ETRE REDUIT A LA PORTION CONGRUE
Posté par francesca7 le 6 mai 2015
EXPRESSION :
Après quelques décennies de relative abondance, du moins dans ce coin de planète que nous disons occidental, la vieille notion de portion congrue semble ça et là vouloir refaire surface. Elle n’a jamais cessé de présider à la répartition des richesses à l’échelle du globe.
Dans le langage ecclésiastique – explique Littré – portion congrue, pension annuelle que le gros décimateur payait au curé pour sa subsistance ». Qui diable était donc ce « gros décimateur » ? Eh bien le patron du curé d’autrefois, l’ecclésiastique à qui revenait le bénéfice de la cure. On sait que sous l’Ancien Régime le titulaire d’une paroisse ne s’occupait pas nécessairement de ses ouailles. S’il était quelque peut dignitaire, ou bien en vue dans le monde, il employait un prêtre subalterne et précunieux sur lequel il se déchargeait des affaires courantes de la foi, offices et menus sacrements, pendant que lui-même vaquait à des besognes moins pieuses ou des lieux infiniment plus réjouissants.
Toutefois, cet absent récoltait scrupuleusement la dime (dixième des récoltes des paysans) dont il reversait une part sous forme de pension alimentaire à son modeste travailleur du goupillon. « Les portions congrues se taxent aux Curez au Grand Conseil à 200 livres, et au Parlement, à 300 livres, suivant deux diverses déclarations qui y ont été vérifiées. Au-delà de la Loire on n’adjuge que 200 livres, en deçà jusqu’à 300 livres ». Si on en croit Furetière il semble bien que les salaires aient toujours été un peu plus bas « au-delà de la Loire » sans doute à cause du soleil…

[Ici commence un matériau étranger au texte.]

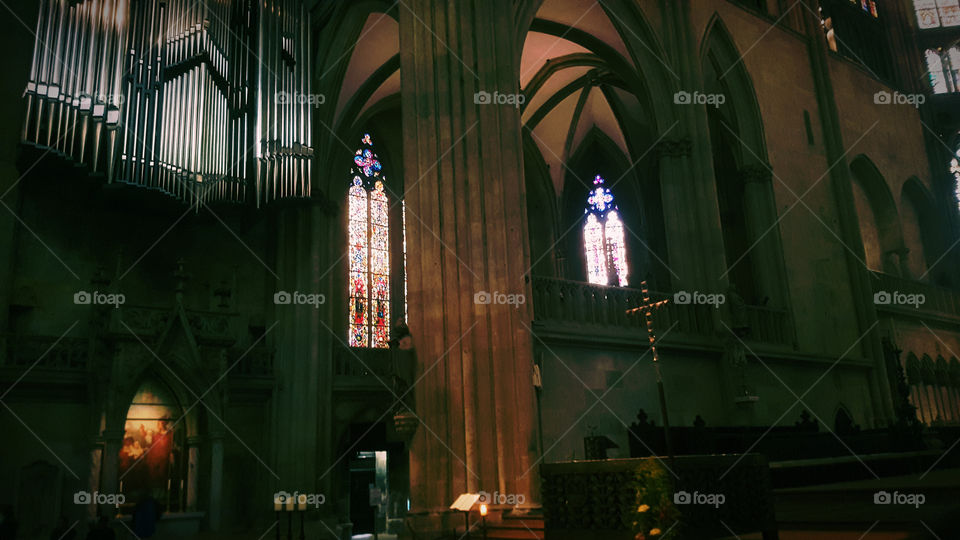 St Peters Dom, Regensburg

En tout cas cette portion congrue, calculée au plus « juste », faisait des desservants de nombreuses paroisses de malheureux smicards en soutanes râpées. Cela explique peut-être qu’à la Révolution tant de petits prêtes se soient désolidarisés de leurs prélats, et aient embrassé la cause des sans-culottes et des partageux. Au fait « congru » du latin congruus, veut dire « convenable »…. Comme qui dirait suffisant.